** Work order **
In the material below, find the line containing "Sicuro | Black-Lila Leather Work Boot" and the line containing "博纯焦糖中古小推车客厅两用可移动折叠升降可移动小推桌茶几边几", then reproduce exactly both of them and every line between, and nothing else.

** Records to use **
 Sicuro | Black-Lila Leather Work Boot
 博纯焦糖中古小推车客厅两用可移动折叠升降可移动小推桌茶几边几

--

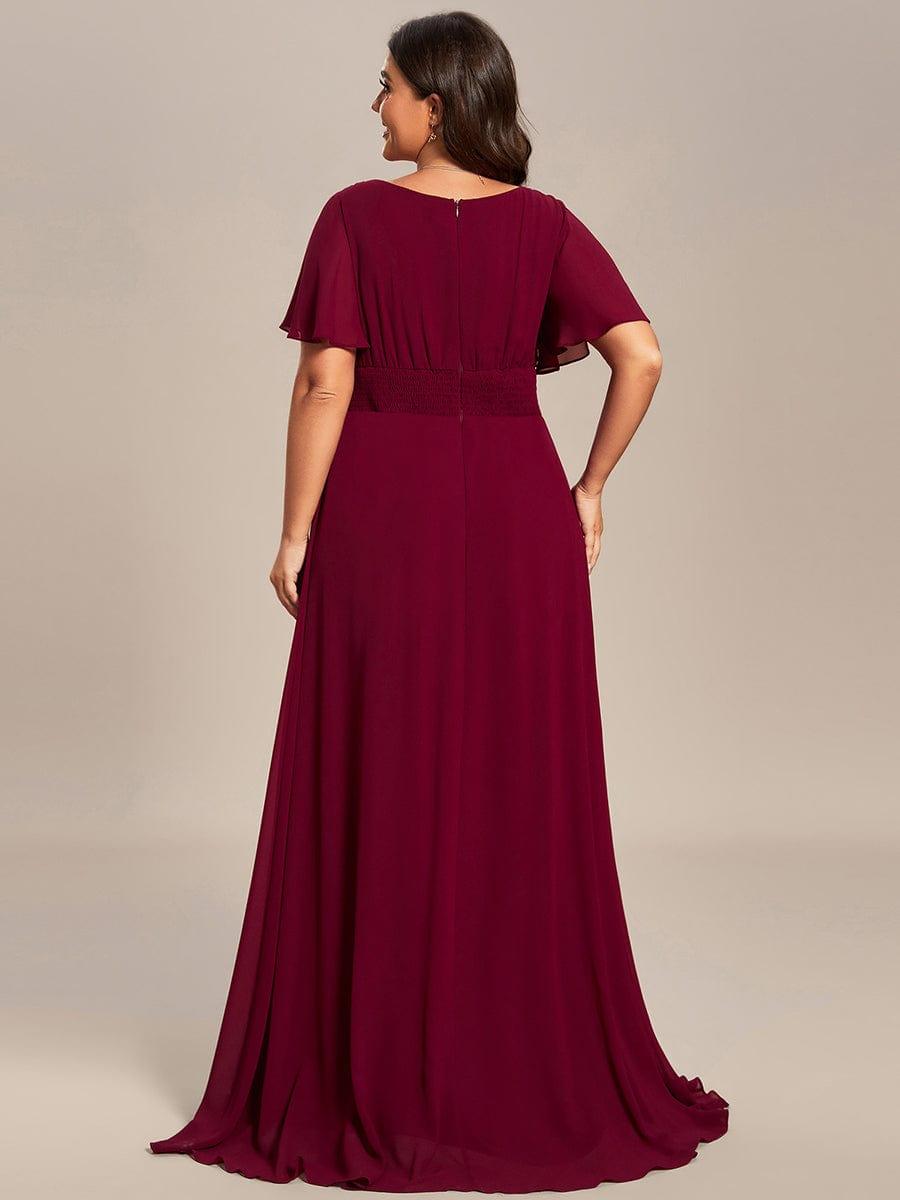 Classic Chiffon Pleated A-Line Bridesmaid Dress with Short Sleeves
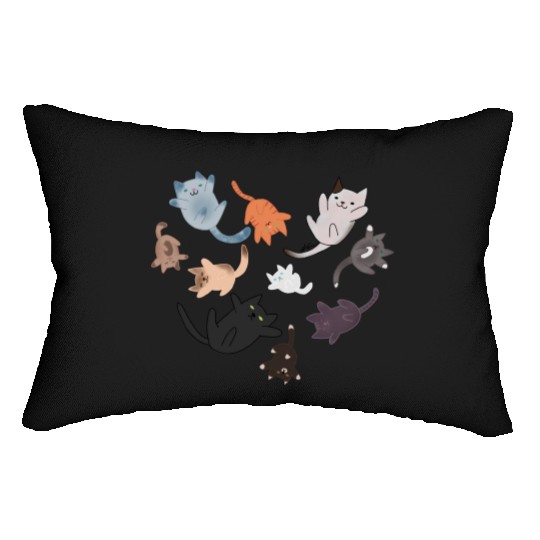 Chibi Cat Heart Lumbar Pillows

---

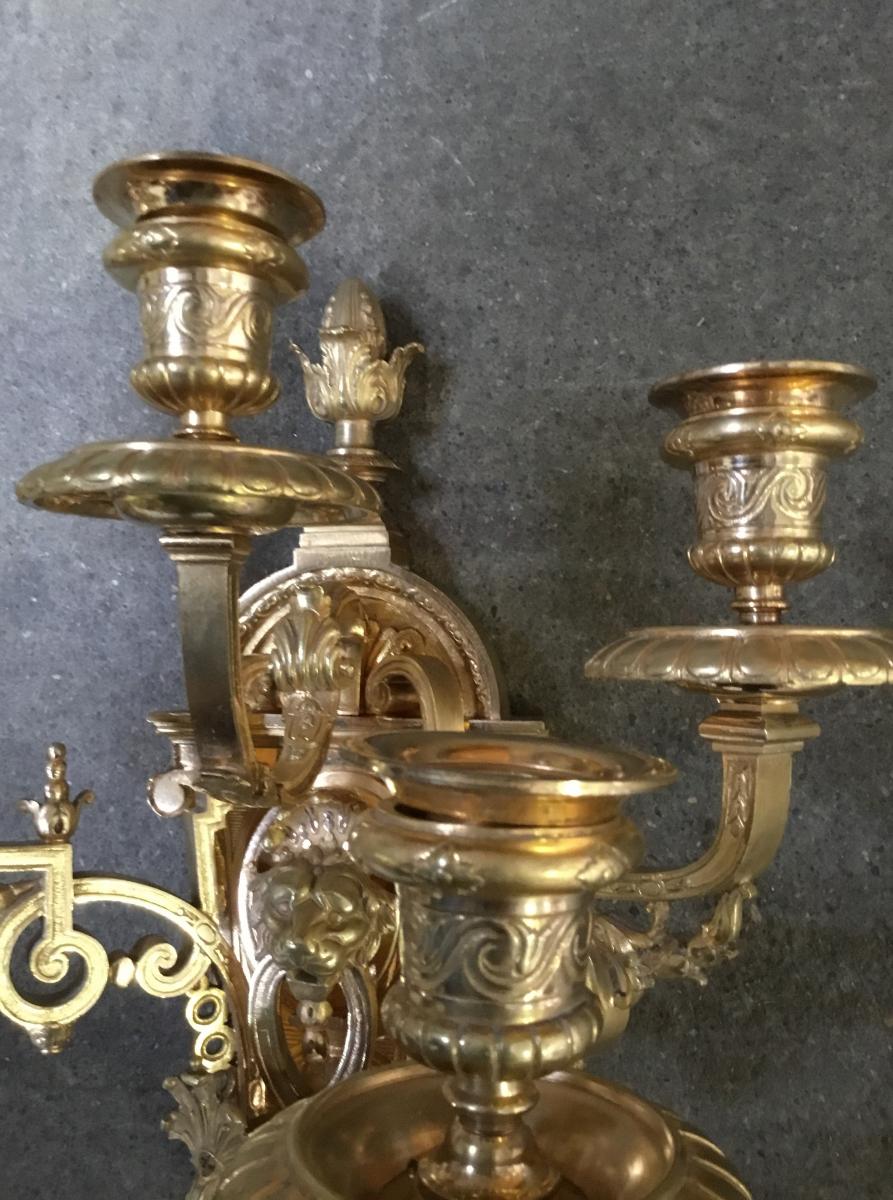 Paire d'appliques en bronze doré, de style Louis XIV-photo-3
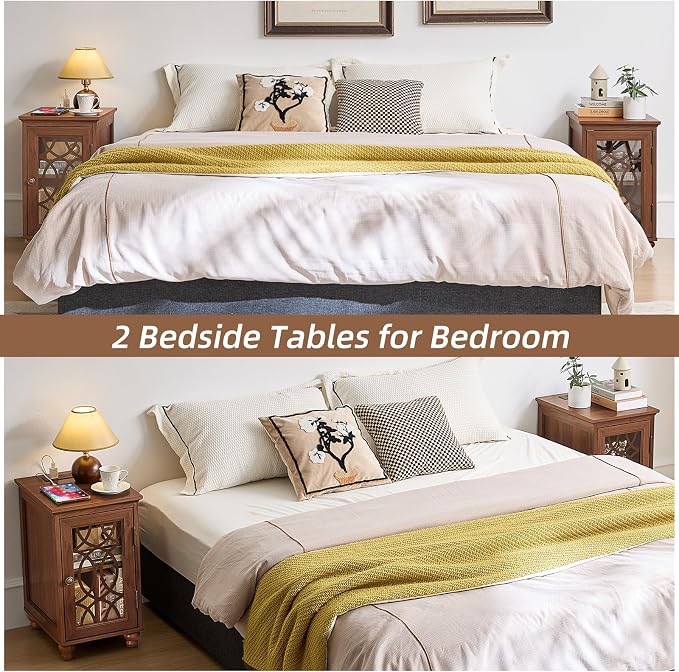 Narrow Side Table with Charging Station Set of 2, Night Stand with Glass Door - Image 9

** Answer area **
 Sicuro | Black-Lila Leather Work Boot
 博纯焦糖中古小推车客厅两用可移动折叠升降可移动小推桌茶几边几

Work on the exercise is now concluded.